Japan's Prime Minister Shinzo Abe talks to journalists during a joint news conference with European Commission President Jean-Claude Juncker and European Council President Donald Tusk following their meeting during an EU-Japan summit at the European Council headquarters in Brussels, April 25, 2019. Image Credit: AP

Japan’s Prime Minister Shinzo Abe topped off on Saturday a busy diplomatic week after two days with Donald Trump in the United States. The Thursday before, he and top European leaders met in Brussels for the EU-Japan summit which not only deepened their bilateral strategic partnership, but also set the agenda for June’s G20 summit in Osaka.

Thursday’s discussions were broad-ranging on issues from climate change to connectivity. However, one topic stood out above all else: the future of international trade and the rules-based economic order.

Japan, which remains the world’s third-largest economy after the United States and China, and Europe’s second-largest export market in Asia, has recently stepped up its leadership of the international trade agenda. And with it having the G20 presidency this year, this issue will be a key one at the Osaka summit in June which could cause tensions with this Trump administration given its protectionist leanings.

This same issue was a source of contention at last year’s G20 in Argentina, and also in 2018 in Germany which saw a clash between Trump and Chancellor Angela Merkel. The latter pushed for a strong G20 reaffirmation of international trade, while the US president secured a partial victory in inserting language in the end-of-summit communique that countries can protect their markets with “legitimate trade-defence instruments”.

The reason why trade was so central to the Brussels summit was the coming into effect in January of the EU-Japan free trade agreement. Both sides on Thursday took stock of implementation of this mammoth deal that covers around a third of global GDP and almost 650 million people.

Boon for EU exports

The accord took years to agree with the headlines captured by the scrapping of duties on 97 per cent and 99 per cent of Japanese and European imports respectively.

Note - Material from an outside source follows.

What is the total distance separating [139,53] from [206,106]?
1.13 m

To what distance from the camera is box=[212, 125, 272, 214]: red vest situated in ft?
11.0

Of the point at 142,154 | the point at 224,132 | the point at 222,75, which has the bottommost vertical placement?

This could be a particular boon for key EU exports to Japan such as dairy and food products, while Japan’s automakers may be big winners too.

Beyond the numbers, however, the co-host of Thursday’s summit — European Commission President Jean-Claude Juncker — has stressed that the EU-Japan trade treaty is also so important because it rests on “values and principles”. In part, this relates to the fact that the agreement is the first to be struck by Brussels which includes language upholding the Paris climate agreement.

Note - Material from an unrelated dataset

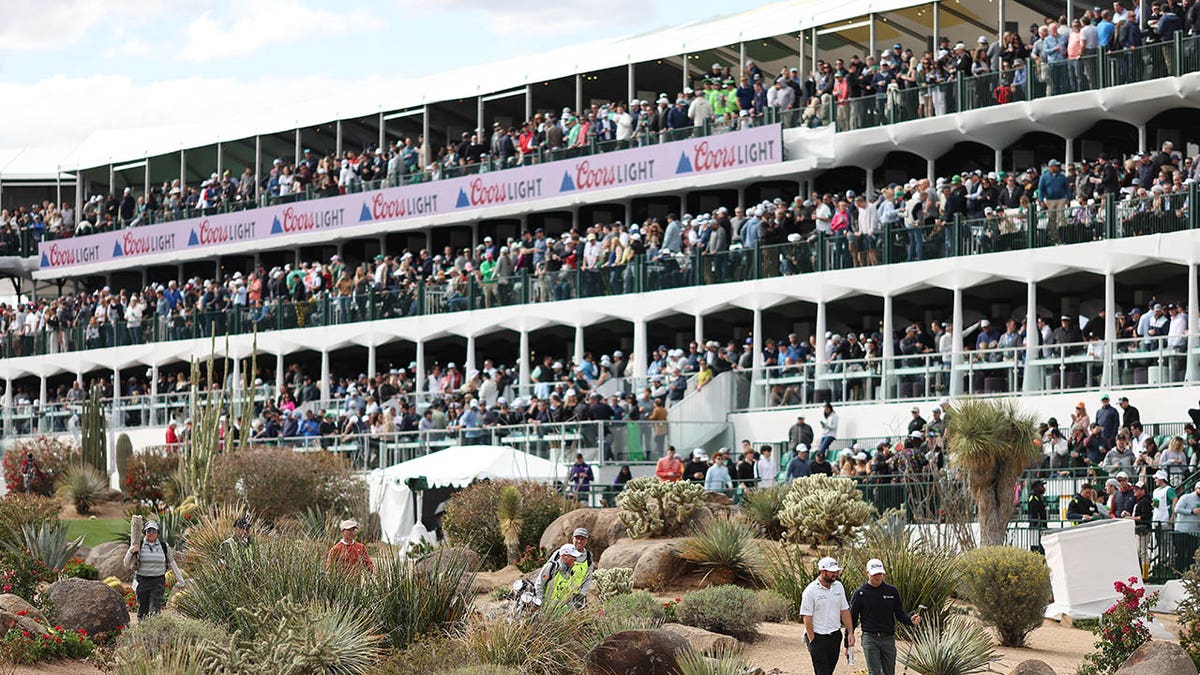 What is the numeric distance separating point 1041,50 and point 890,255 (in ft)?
15.2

Specifically, there is a commitment to support the Paris treaty by making a “positive contribution” to reducing climate change by cutting greenhouse gas emissions. This follows a move by the European Commission to try to ensure, going forward, that all EU trade bargains include reference to the key climate deal.

Yet, it is not just on the European front that Japan is making waves on international trade. In March last year, Tokyo was at the vanguard of 11 Asia-Pacific and Americas nations which signed the so-called Comprehensive and Progressive Agreement for Trans-Pacific Partnership (CPTPP).

And, in this context, the United States (after reversing course under Trump and deciding not to join CPTPP) began earlier this month negotiations for a bilateral trade agreement with Japan, a topic that was a central theme of Abe’s discussion with Trump on Friday and Saturday. The Washington-Tokyo negotiations come in a context in which, despite political tensions over the bilateral economic relationship, US-Japan trade topped $300 billion (Dh1,101 billion) last year, with Japanese firms having invested nearly $500 billion in the US market.

This underlines that one of the ironies of the timing of Japan renewing its international credentials on trade issues is that it comes in a context when the United States is widely perceived to be rolling back its global leadership of this agenda. Washington, for instance, has not just pulled out from entering into CPTTP, but has also been slapping tariffs on several key nations, including China.

Yet, it is not just the United States, but also another long-standing Japanese ally, the United Kingdom, which is also perplexing Tokyo right now on the economic front. UK ministers are on damage limitation exercises with Japanese counterparts after reportedly angering Tokyo with their tactics over securing a new post-Brexit trade treaty.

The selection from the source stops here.